# 10 gallon guppy tank



## christhefish (Nov 8, 2010)

this is my 10gallon 
ignore the heater and algae 
the tank has been running for about a year 
i planted it a week or two ago with Echinodorus tenellus, Anubias nana, and i think Anubias Lanceolata? plus the hornwort and duckweed that was already in the tank.
so far its just guppies and snails but i plan on putting in some otos or a small bristlenose 

lighting: 2 13W spiral cfls in a standard canopy 
filter: aquaclear jr. with sponge filter over the intake
no co2 (but i might make a new diy setup)


----------



## Morainy (Apr 21, 2010)

That's a lovely and natural-looking tank.
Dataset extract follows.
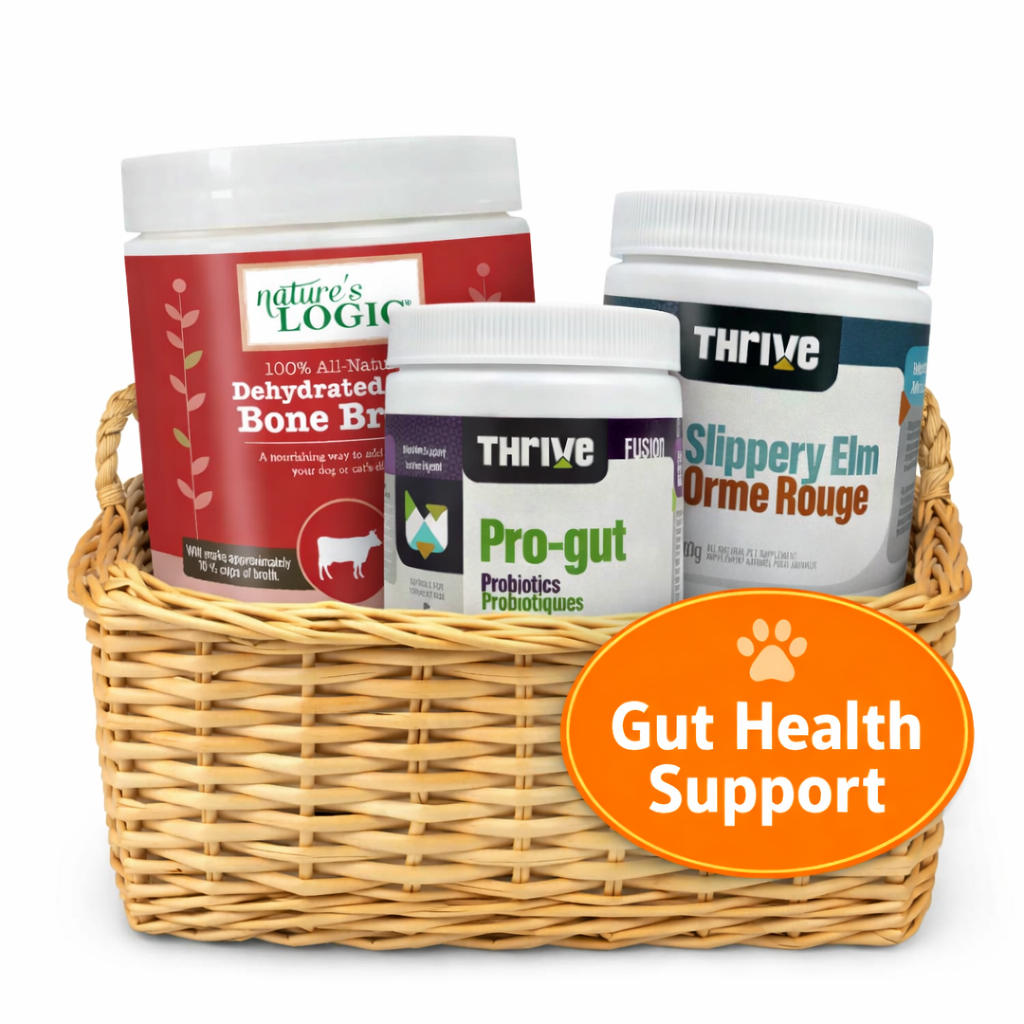 Gut Health Essentials Bundle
I think otos will love it. (I love otos; they're among my favourite fish)


----------



## neven (May 15, 2010)

i really miss having Echinodorus tenellus in my main tank

as for the Anubias Lanceolata, it may be an amazon sword. Lanceolata often only grows a few new leaves a year, so likely it is not it. If you do get a bristlenose, they do love to munch on the echinodorus species. I much prefer ottos over Bristlenose, as BNs can be destructive to foreground plants. Especially zebra ottos, i really need to get some of them...

Your heater may be able to fit behind the tall plant to make it less noticeable as well


----------



## christhefish (Nov 8, 2010)

neven said:


> as for the Anubias Lanceolata, it may be an amazon sword. Lanceolata often only grows a few new leaves a year, so likely it is not it.
> 
> Your heater may be able to fit behind the tall plant to make it less noticeable as well


im sure it is an anubias species and there are two main plants and three divisions so that could be why it looks big, they were originally going to go into my main tank a year ago but i had to get rid of my tinfoil barbs first but that never happened

i was a little worried about burning the plants with it, do you think that would be an issue? and my sponge filter is there so there might not be enough space anyway.


----------



## neven (May 15, 2010)

since its such a small heater i strongly doubt it will, you can always keep a close eye on it to see if it affects the leaves around the heater


----------



## Ursus sapien (Apr 21, 2010)

very pretty!


----------